Provided material |
★ ★ ★ ★ ★

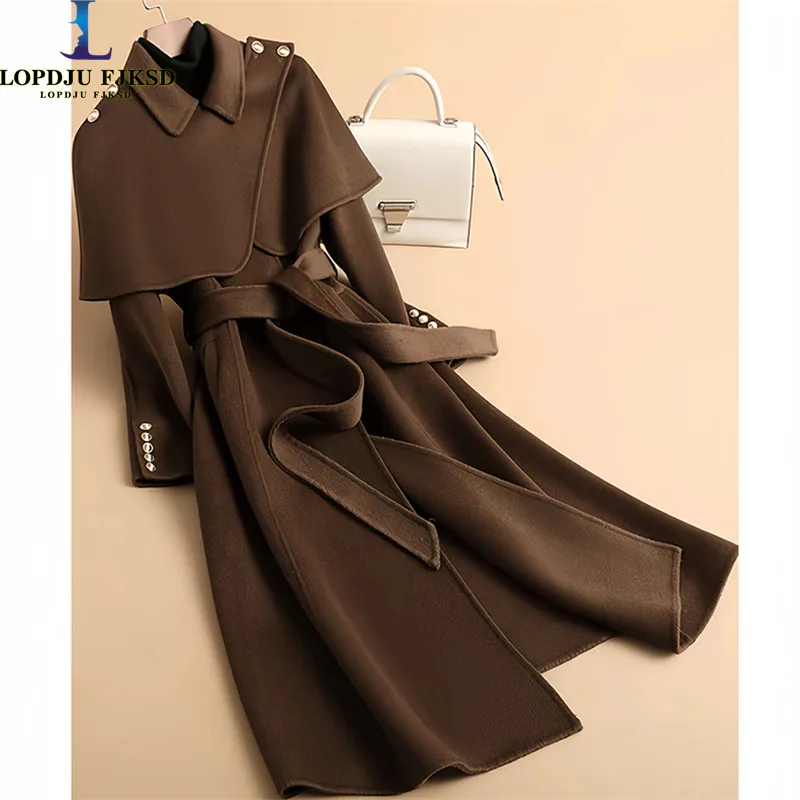 

Women's Woolen Coat,Covered Button ,Adjustable Waist Windbreaker,England Style Female Jackets, Outerwear, Spring,Autumn,2024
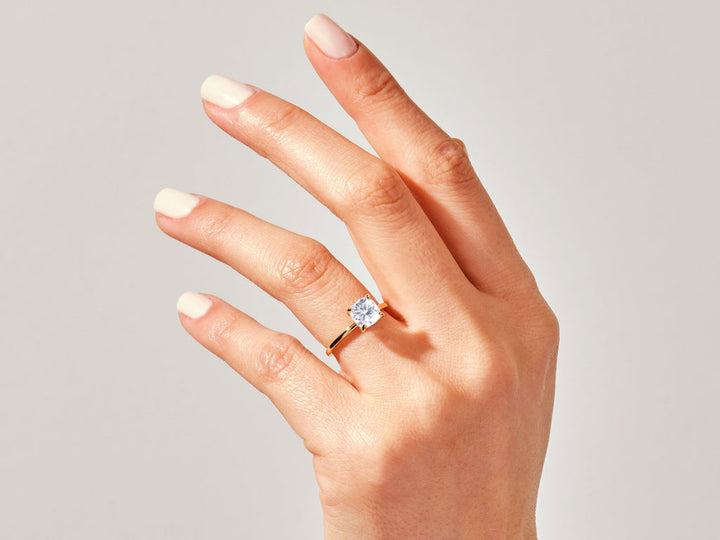 2.0CT Cushion Lab Grown Diamond Solitaire Engagement Ring For Her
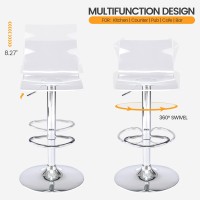 Brage Living Acrylic Bar Stools With Mid Back, Set Of 2, Transparent Adjustable Swivel Airlift Barstools, Counter Height Bar Chairs For Kitchen Dining Room Pub Cafe (Clear)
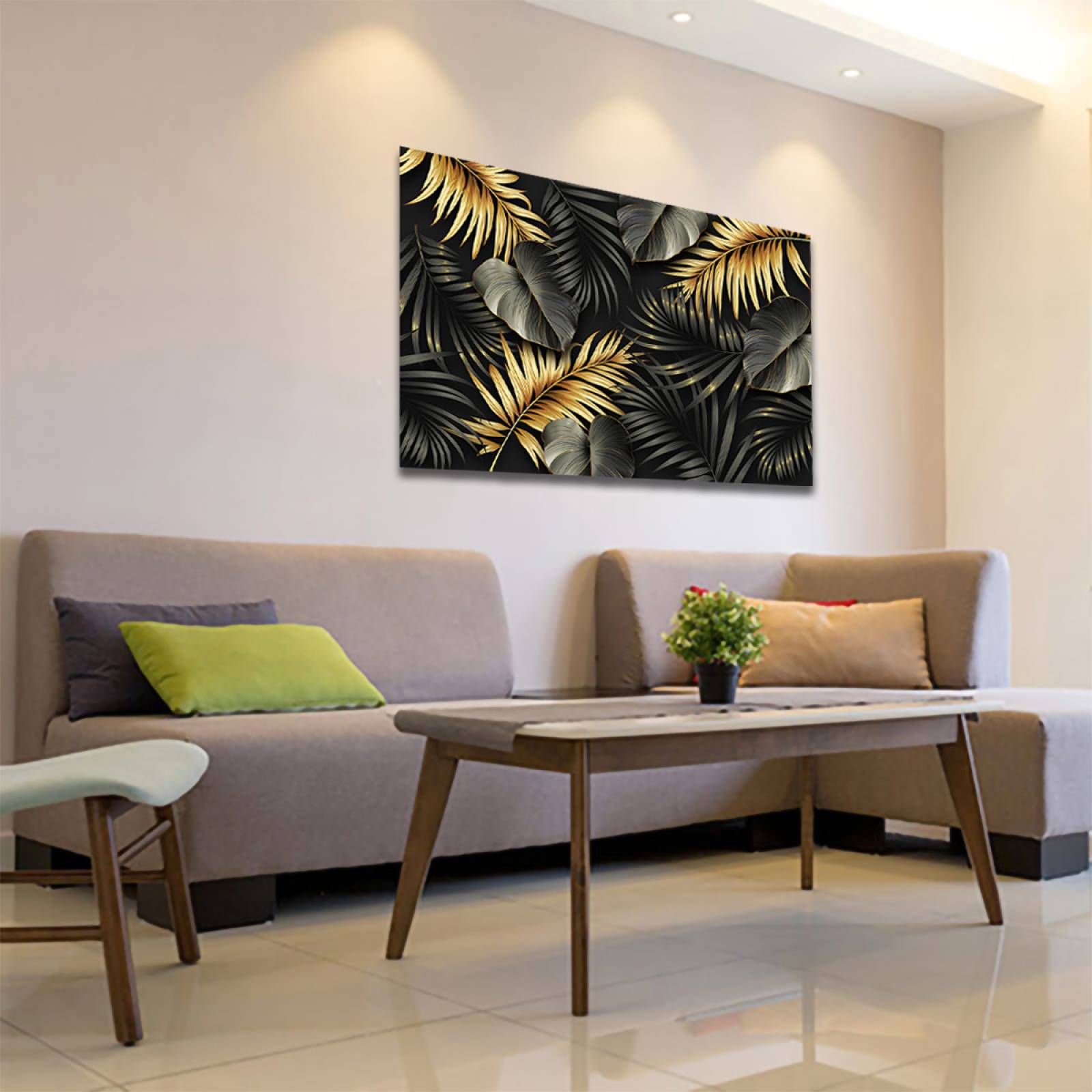 Cuadro Decorativo Hojas Dorados Moderno # 59 120 X 80.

★ ★ ★ ★ ★

Instructions to follow | A word-for-word copy is required of the lines above from the line with "Brage Living Acrylic" through the last line of the data; no other lines and no pictures belong in it.

Answer |
 Brage Living Acrylic Bar Stools With Mid Back, Set Of 2, Transparent Adjustable Swivel Airlift Barstools, Counter Height Bar Chairs For Kitchen Dining Room Pub Cafe (Clear)
 Cuadro Decorativo Hojas Dorados Moderno # 59 120 X 80.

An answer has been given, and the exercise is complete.